習近平を「国賓」で呼ぶのは日本の国益に反すると断言できる理由

香港騒乱で露呈した、中国の人権侵害
大原 浩 プロフィール

恩をあだで返す歴史に学ぶべき

すでに米国では、1国2制度を維持しない場合、香港に対する特権をはく奪する動きが加速している。

1972年の事実上の米中国交回復以来、米国は、「民主主義先進国」の仲間入りができるように、「思いやり」を示した。例えば、天安門事件以来交渉が難航していたWTOに共産主義中国が加盟できたのも米国の後押しのおかげである。

ところが、米国を追い抜くと豪語しながら、「私たちはまだ発展途上国ですから優遇してください」などと平気で主張するだけではない。

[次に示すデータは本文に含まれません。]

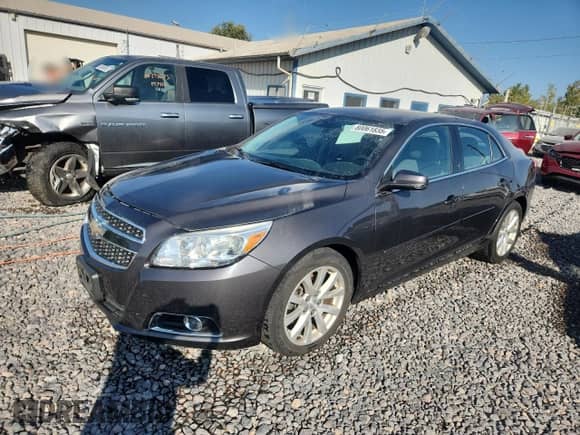 2013 Chevrolet Malibu LT с VIN 1G11G5SXXDF197617, выставлен на аукционе Copart как лот 80061835 с пробегом 119 493 миль миль и Списание • Salvage title. История ставок и продаж доступна на DreamBid. Изображение 1.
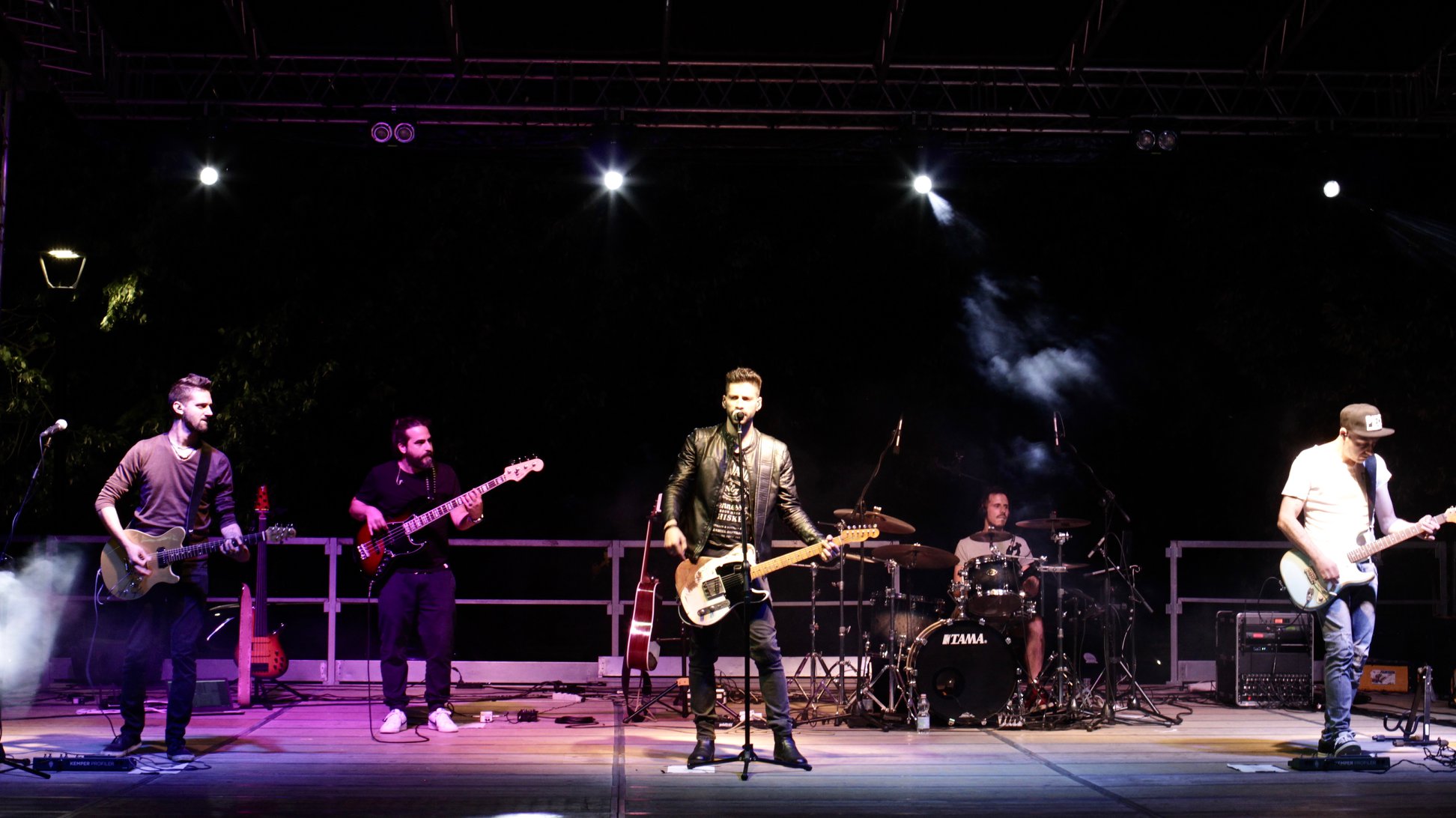 coverband ligabue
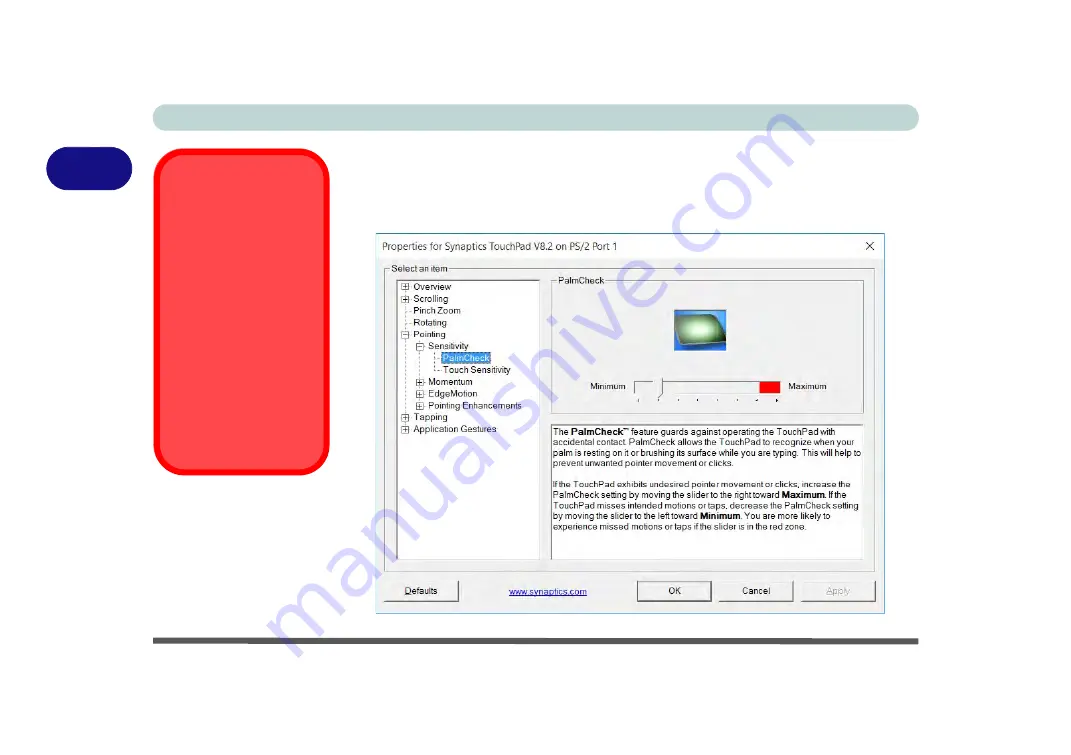 EUROCOM sky dlx7 User Manual Download Page 88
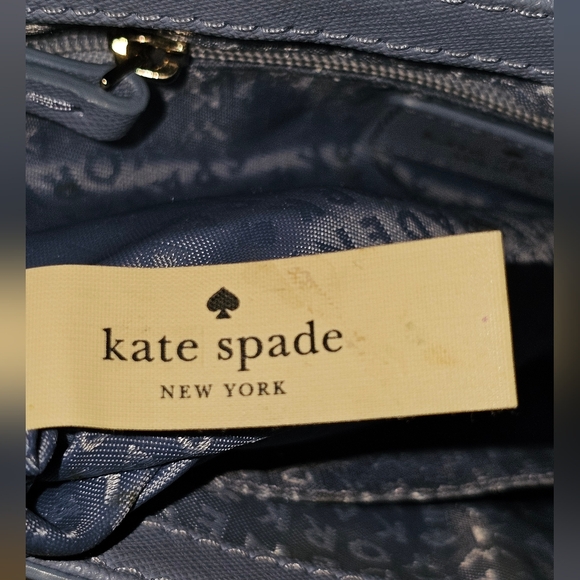 Kate Spade Laurel Way Greer Crossbody/handbag VGUC - Picture 10 of 15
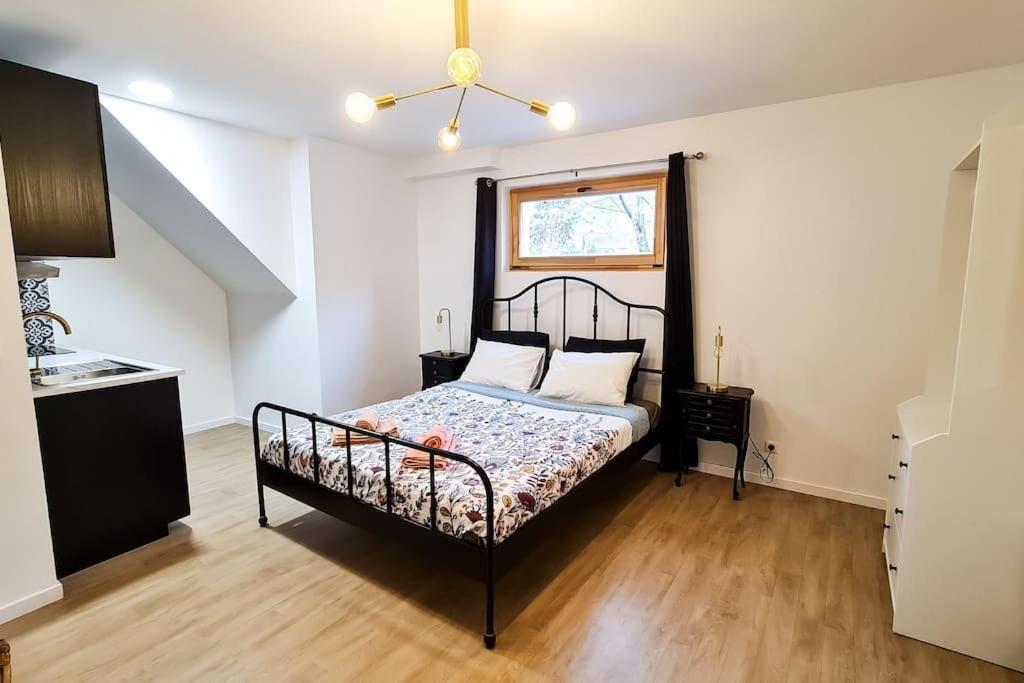 Appartement Atelier Casanova à Vitry-sur-Seine Extérieur photo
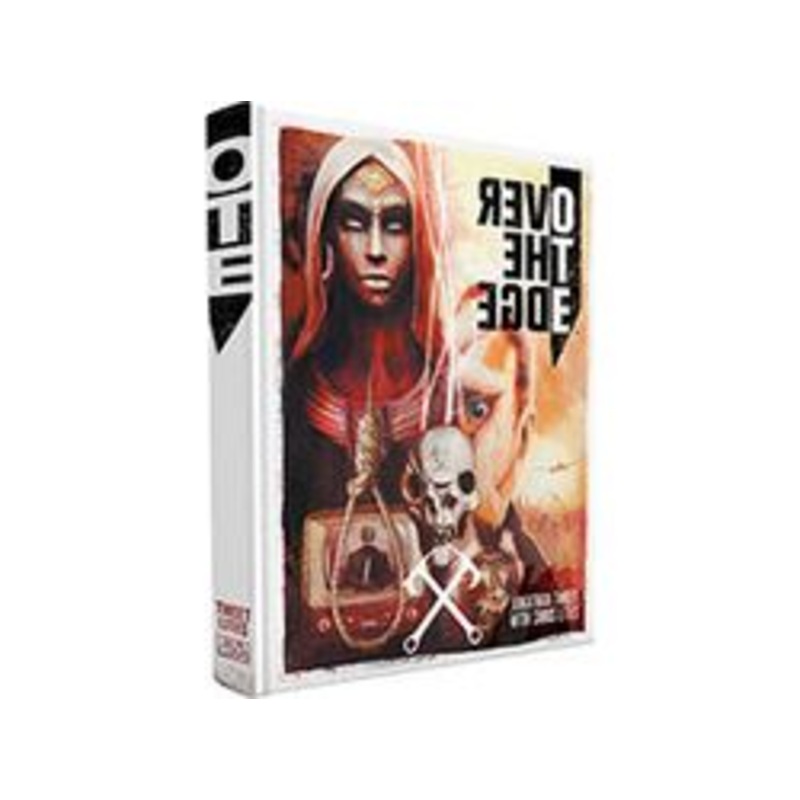 Atlas Games - Over the Edge - 3rd Edition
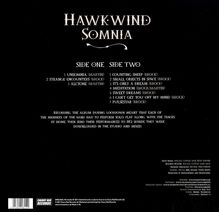 Hawkwind: Somnia (180g), LP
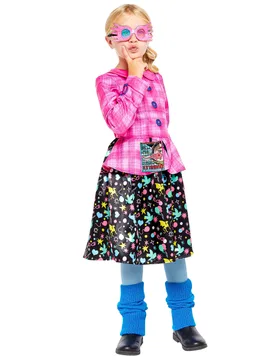 Luna Lovegood Kostüm Mädchen - female - RIETHMULLER - FashionsVida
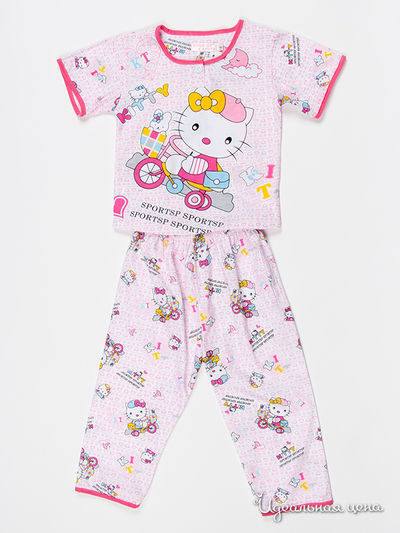 Комплект Disney, цвет цвет розовый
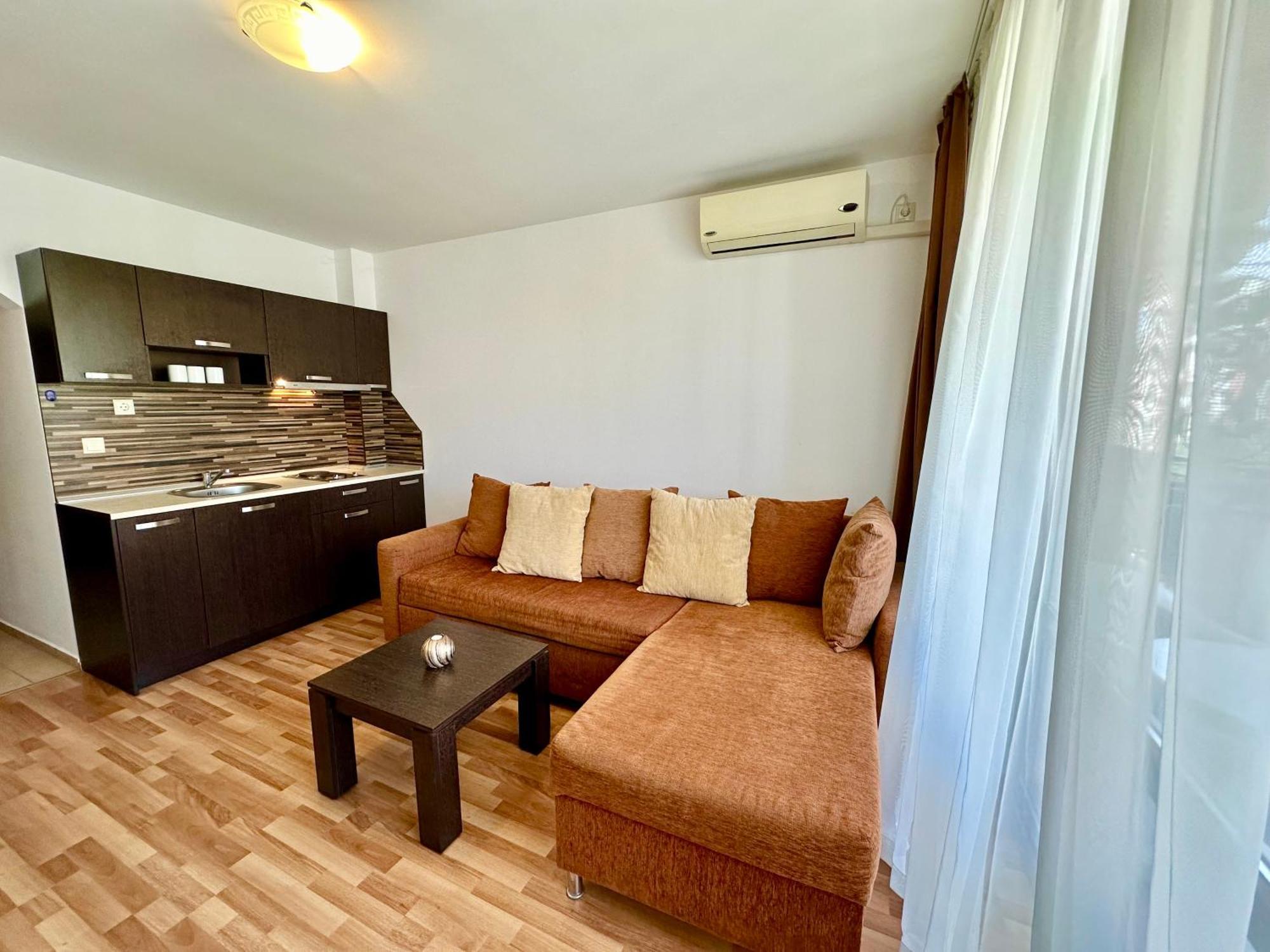 Menada Diamant Apartments 써니비치 객실 사진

国内において外資系企業に対してがんじがらめの規制を行い、恫喝によって先端技術などを献上させるのに、WTOルールを最大限に活用して、米国などの先進国市場を荒らしまわっている。

米国の堪忍袋が切れるのは当然であり、トランプ大統領はまだ融和的な方である。民主党左派の方がさらに怒りを露わにしていることは、前述の11月6日の記事「米国は変わった、とうとう高官が共産主義中国を『寄生虫』呼ばわり」で述べたとおりだ。

日本も、改革・解放の初期には、政府だけでは無く、多くの大企業が、資本主義・市場経済に関して何の知識も無い人々に対して、ノウハウや技術を喜んで提供した。それに対するお返しが「天安門事件以降の反日活動」である。

11月23日の記事「最強のチーム(組織)が、なぜか絶対に『思いやり』を大切にするワケ」で述べた様に、「思いやり」こそが人類が発展した最大の要因の1つだが、「相手を見て行動するべき」であるのも事実である。

恩をあだで返し続けてきた共産主義中国に対し、米中対立で苦しんでいる中で、「習近平氏来日」という助け舟を出す行為は意味がないどころか、「日本が弱みを見せてきた」と思われつけ入れられるリスクさえある。

 

誰と組むべきかをよく考えるべき

米国や世界が「人権問題」を大々的に取り上げる中で、日本だけが「逆コース」に進む行為は、戦前を思い起こさせる。

戦前の日本はナチス・ドイツやファシスト党ムッソリーニと組んでひどい目に合った。

今回は、独裁者たちと手を組むという愚行を行うべきではない。「組む相手」を間違えることは「国家の存亡」にさえ影響する。